I toke a look in last release but .... nothing ...
For the kernel, customer added semaphore configuration in the
sysconfigtab file (IPC and INF ssection).
After kernel rebuild and reboot, he saw these error on screen
when system is shutting down .....
Is it a ownership problem in /sbin/rc3.d ????
Tomorrow, I will call customer and ask him to kill/stop all new CA process and
after try shutdown.
If problem doesn't occur, it's maybe a Computer Assosciation prob.

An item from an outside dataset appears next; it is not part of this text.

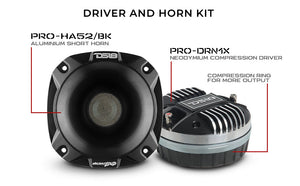 2" Throat Bolt On Neodymium Driver with Spacer, 2" Throat Titanium Voice Coil 640 Watts and PRO-HA52/BK Horn 680 Watts 118dB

Will keep you informed via next reply.
Thanks. Have a nice day.
Thierry
[Posted by WWW Notes gateway]
|
| That message is a misplaced printf(). It was introduced to try to track down a
couple of problems, but didn't manage to get removed before we shipped certain
versions of v3.2x. I don't remember what versions this is in, but I do know it
was fixed for v4.0.
Your customer can safely ignore the message.